In my toddler’s Sing and Sign classes we learnt a version of the “if you’re happy and you know it” song which addresses all the big emotions: if you’re angry and you know it stamp your feet; if you’re sad and you know it have a cry; if you’re tired and you know it go to sleep, and so on. I love it, because it’s a great way to teach children about emotions and also how to express them – a lesson we adults could do with reminding ourselves of.
Often as adults we avoid feeling our strong emotions, choosing instead to push them down, distract ourselves, or let them spill out all over the place so others have to deal with them. Anger is an especially difficult one, because it’s not really seen as an acceptable emotion to express. This is even more true for women, and has been throughout history.
One of the wonderful things about yoga is that it connects us more consciously to our bodies and what they are trying to tell us, and it is a practice that teaches us to be with discomfort, noticing our experiences with curiosity rather than judgement. So I thought I’d share a few of the ideas I have picked up over the years about how we can use our yoga practice, movement, breath and meditation, to experience and move through anger.

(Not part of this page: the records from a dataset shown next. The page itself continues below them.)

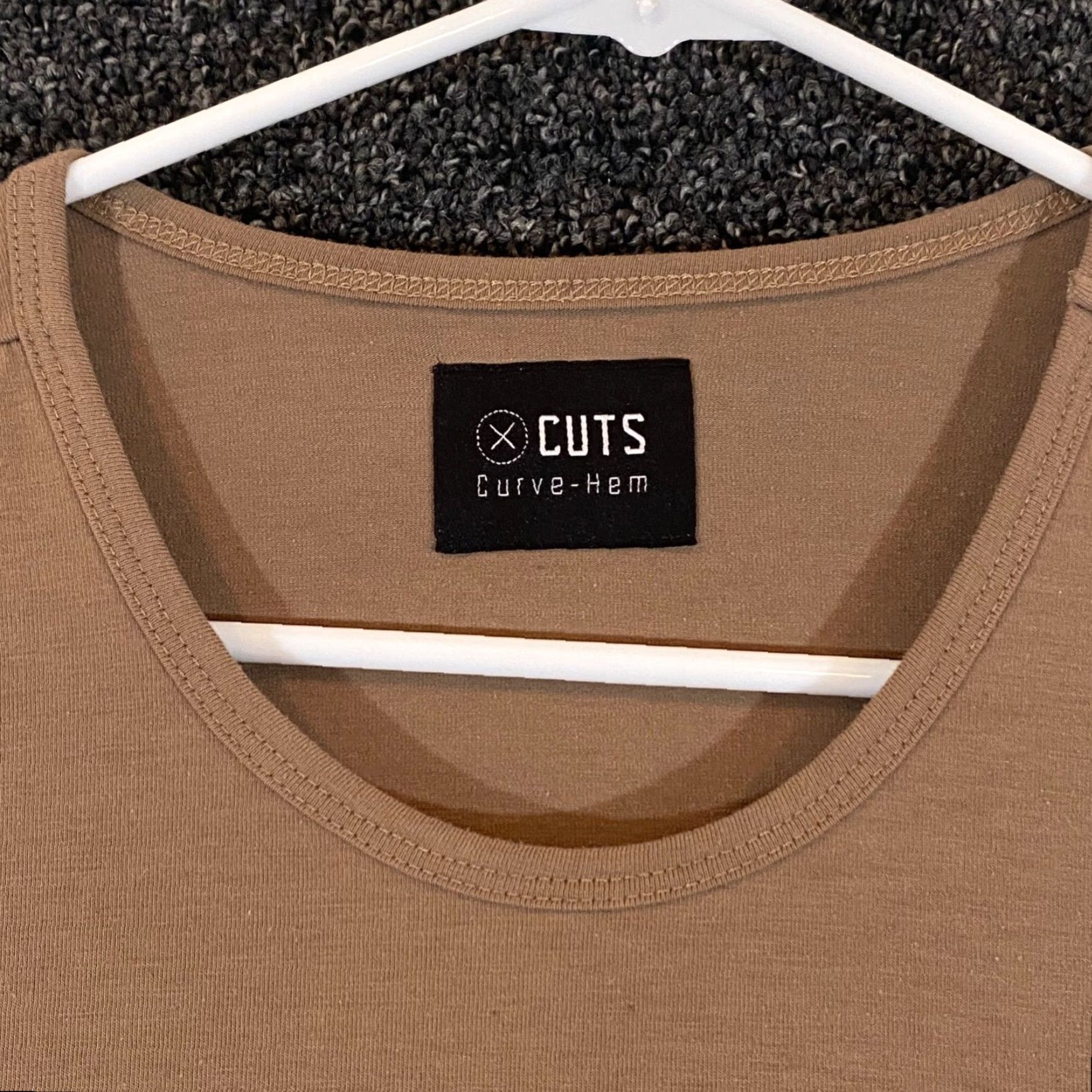 Cuts Cuts Shirt Mens 2XL Brown Blue Short Sleeve T-Shirt Casual Drop Curve-Hem Logo Top Size US XXL / EU 58 / 5 - 2 Thumbnail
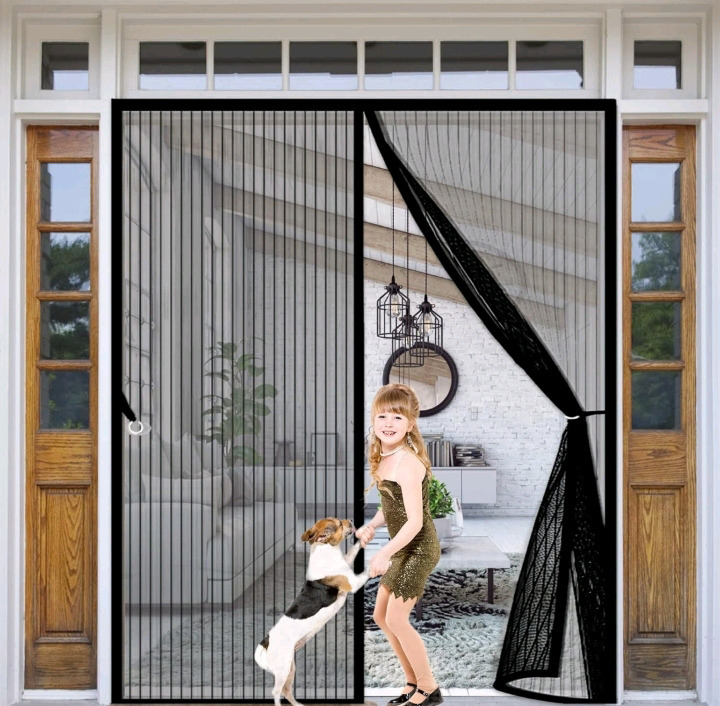 New | Indoor/ Outdoor Magnetic Screen Door 190cm x 235cm | * Retails For $55 *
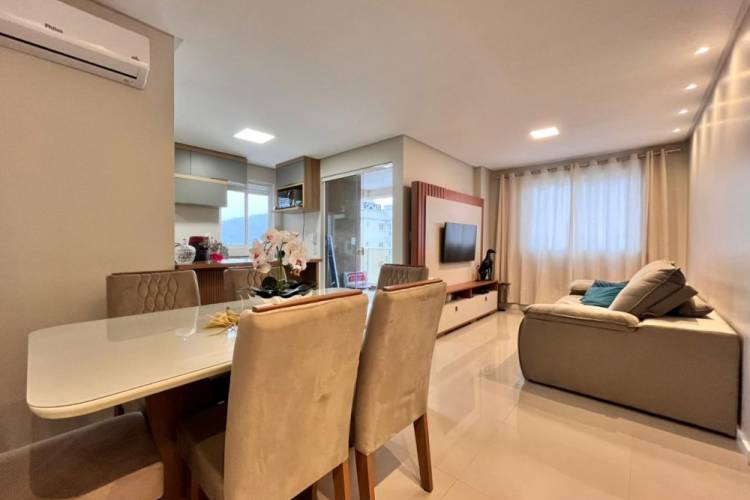 V2125 IM�VEL MOBILIADO A VENDA, 2 QUADRAS DO MAR E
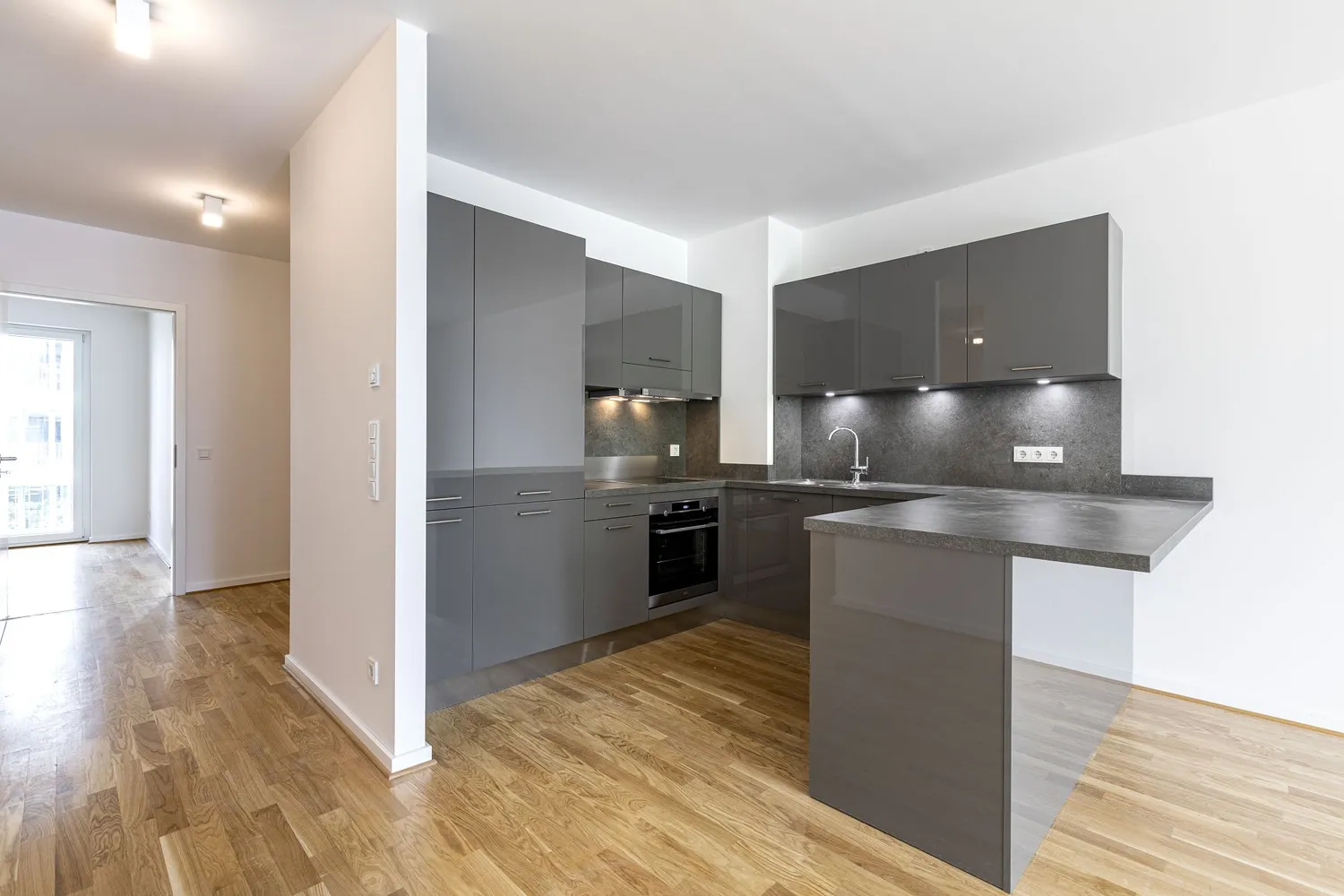 4 Zimmer Wohnung mit 89 m² in Dresden – Bild 1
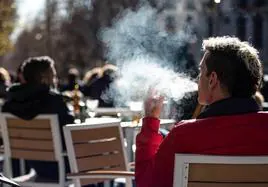 Belmez prohibirá fumar en las paradas de autobuses y otros espacios públicos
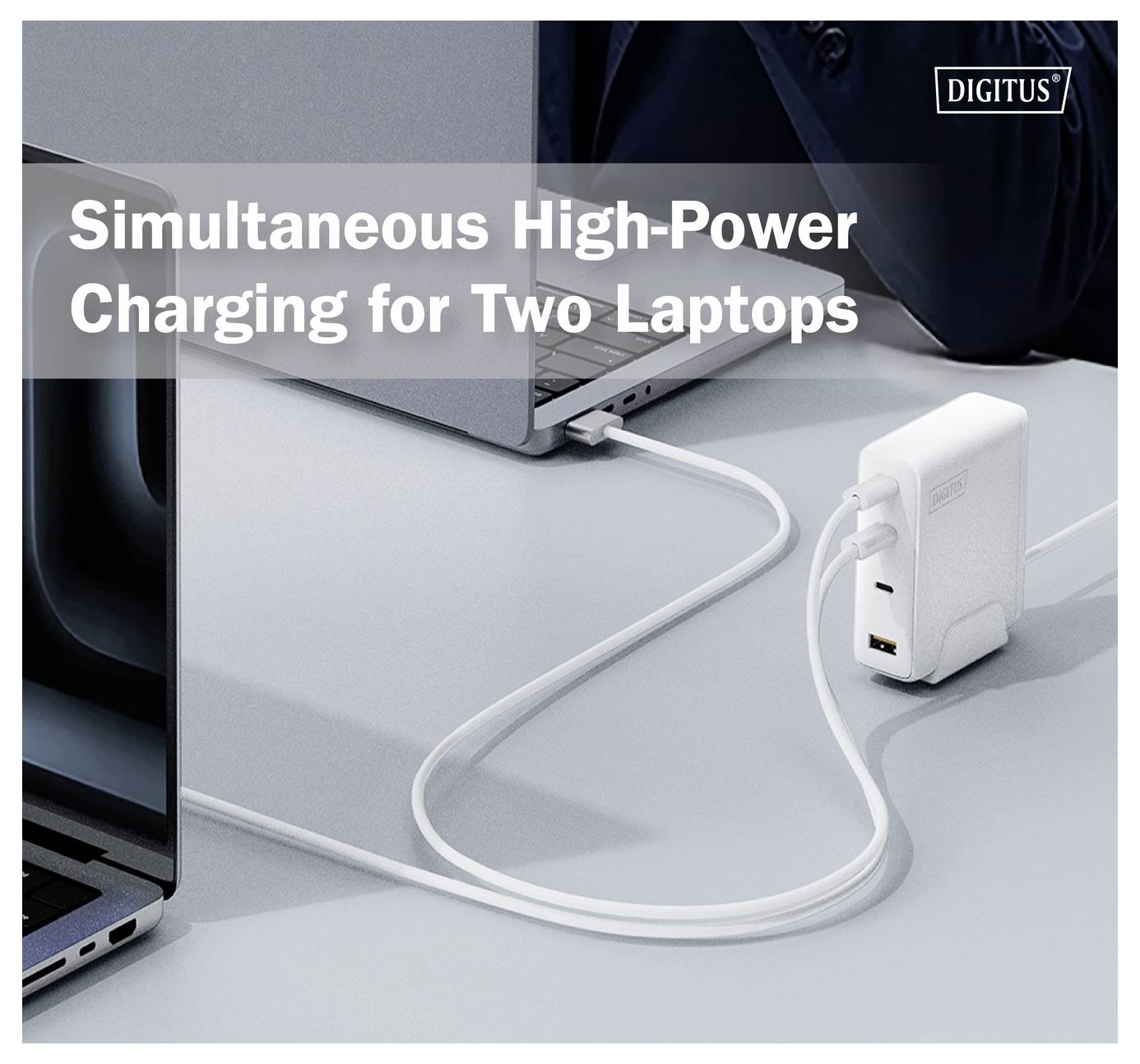 « Charge Haute Puissance Simultanée pour Deux Ordinateurs Portables » : Deux ordinateurs portables connectés à un seul chargeur, démontrant la capacité de charge double.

So here goes – if you’re angry and you know it…
- Stamp your feet
The song has great advice! When we’re angry it can feel like there’s too much energy to cope with in your body. Stamping your feet gives that energy somewhere to go, while also bringing the energy down from your head into your feet, helping you feel more grounded.
2. Walk it out
Go for a really brisk walk. Walking is such a fundamental movement pattern for our bodies. There’s something about that movement with all the natural spirals and subtle twists that helps energy to work itself through. Ideally leave any bags and phones behind, let your arms swing, and let your body do its thing.
3. Pinch yourself
One day when I started my yoga practice feeling angry, my hands came to my hips and I suddenly realised how surprisingly solid I was. It was as if my anger had made me dissociate to the point where I felt like my hands would just glide through the mass of my body as if it was ice cream. So see how it feels to give yourself a pat / pinch / massage all over – reminding yourself you are here, you are solid, you are more than your anger.
4. Push a wall
Pushing really hard against something immovable like a wall can be a very satisfying way of releasing angry energy from your body. Try it and notice how you feel afterwards – it may cause you to smile, or cry, but either way it can shift the energy and leave you feeling clearer.
5. Send it down
Imagine sending the energy down into the earth. This isn’t about directing your anger at the earth (because let’s face it she could certainly do with more compassion these days), but more about sending the energy into the ground to be absorbed and turned into something new. Try visualising this as you go for your brisk walk, or practice your warrior poses, or lie in savasana.
6. Be a warrior
Warrior poses are strong and steady. Press strongly down into the ground with your legs and feet, reach with determination through the fingertips of both hands, and draw your torso back slightly like an arrow waiting to be released from a bow. And breathe through any emotions or sensations that arise.
7. Have a roar
Another one that my toddler gets me to practice a lot! If you have a child in your life, make the most of the opportunity to roar at each other. If not, do it anyway! Lion breath (Simhasana) is also a great one to practice – take a strong inhale, then eyes wide, mouth open, tongue reaching towards your chin with the strongest exhale you can muster. Try that a few times and notice how you feel afterwards.
8. Feel those feelings
Sit quietly for a few minutes. Perhaps set a timer for however long feels manageable, whether that’s two minutes or twenty. And simply notice how anger feels in your body. Notice where you feel it in your body. See what happens – does it move or change in any way or does it stay the same? Does it make you want to move or stay still? Be curious.
9. Write it down
Journaling can help us process our thoughts and feelings, getting them out of our systems so that we can see things more clearly. No-one else need ever read it, so let your words flow without edits or judgement, knowing the purpose is simply to get them out so that you can move forward.
10. Talk it out
Finally, if you’re feeling angry, there may well be good reason. Yet we all know that it is often not the best idea to try to discuss things when you are in the height of your emotions. When you have processed your anger and let it move through your body, take some time to figure out what you need to express to others – what needs have not been met, and how might you communicate them?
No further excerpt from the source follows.